宝塚歌劇団花組バウホール公演・ミュージカル「ノクターン ―遠い夏の日の記憶―」
森で出会った1組の男女。
こんなにも恋焦がれ、そして惹かれ合ったのに…。
今回は、柚香光さん主演「ノクターン」のオンデマンド観劇感想です。
■あらすじ
19世紀ロシア。
青年ウラジミール(柚香光)は、家族と共にモスクワの郊外にある別荘へとやってきます。
ある日、ウラジミールが森に狩りに出かけると、そこに数人の取り巻きと共に戯れるジナイーダ(華耀 きらり)の姿がありました。
出会った当初は、お互いにあまり良い印象ではなかったウラジミールとジナイーダでしたが、徐々に2人は惹かれ合うようになっていきます。

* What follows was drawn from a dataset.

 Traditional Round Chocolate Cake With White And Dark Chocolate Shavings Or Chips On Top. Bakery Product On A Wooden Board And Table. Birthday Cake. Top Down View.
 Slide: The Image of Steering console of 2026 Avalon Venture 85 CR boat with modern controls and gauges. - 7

しかし、ジナイーダは貴族とは名ばかりの落ちぶれた家柄の令嬢。
対して、ウラジミールは名家の子息。
不釣り合い…そう思ったジナイーダは、「一緒にいることはウラジミールのためにならない」と、ウラジミールから離れていこうとしました。
そのような中で突如現れたある人物。
その人物は、ジナイーダの弱みに付け込み…。
■本編について
昼ドラがお好きな方はお好みかも?と思われるような作品です。
全体的には暗めのお話。
場面的には、森の中と家の中ぐらいで、これといって派手な演出はありません。
そんな限定的な中で動く人間模様。
愛するが故にもがき苦しむ者もいれば、他人の気持ちなど考えず、私利私欲のために動く者も…。

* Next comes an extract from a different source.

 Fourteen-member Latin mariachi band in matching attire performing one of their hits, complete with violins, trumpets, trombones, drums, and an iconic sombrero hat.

一見すると、ただの貴族のお坊ちゃまとお嬢さんの恋話かのような作品ですが、話が進むごとにドロドロとした世界に発展していきます。
■観劇感想
全体像
本作品のポイントは、ジナイーダが「魔性の女」というところ。
お話のテーマ自体は、「貴族のお坊ちゃまウラジミールと、落ちぶれた貴族のご令嬢ジナイーダの恋」なのですが、ジナイーダが魔性の女であるばかりに話がこじれていきます。
こじれ方は、まさかの展開。
まるで昼ドラでも観ているような気分になりました。
観劇前の本作品に対する筆者の予想は、「ウラジミールとジナイーダが恋に落ちたものの、ライバルが現れて一波乱…」といったところだったのですが、予想をはるかに超えまして…。
それもこれも、ジナイーダが魔性の女だったから?
それとも、ジナイーダの弱みに付け込んだ人物が全ての現況?
それとも…。
筆者は、ただただそれら一連の出来事が、ウラジミールのトラウマになっていませんように…と願うばかりです(ウラジミールは世間知らずのお坊ちゃまなので)。
ちょっと気になる登場人物
それでは、ウラジミールとジナイーダ以外の「ちょっと気になる…」そんな登場人物たちについてご紹介しましょう。
―ジナイーダの取り巻き達―
ジナイーダといつも一緒にいる男5人衆。
若者からおじさまと、年齢層は広そうでした。
本作品には、あまりフザけたような場面がないのですが、彼らが出てくる場面に限っては、いくぶんかフザけた雰囲気に。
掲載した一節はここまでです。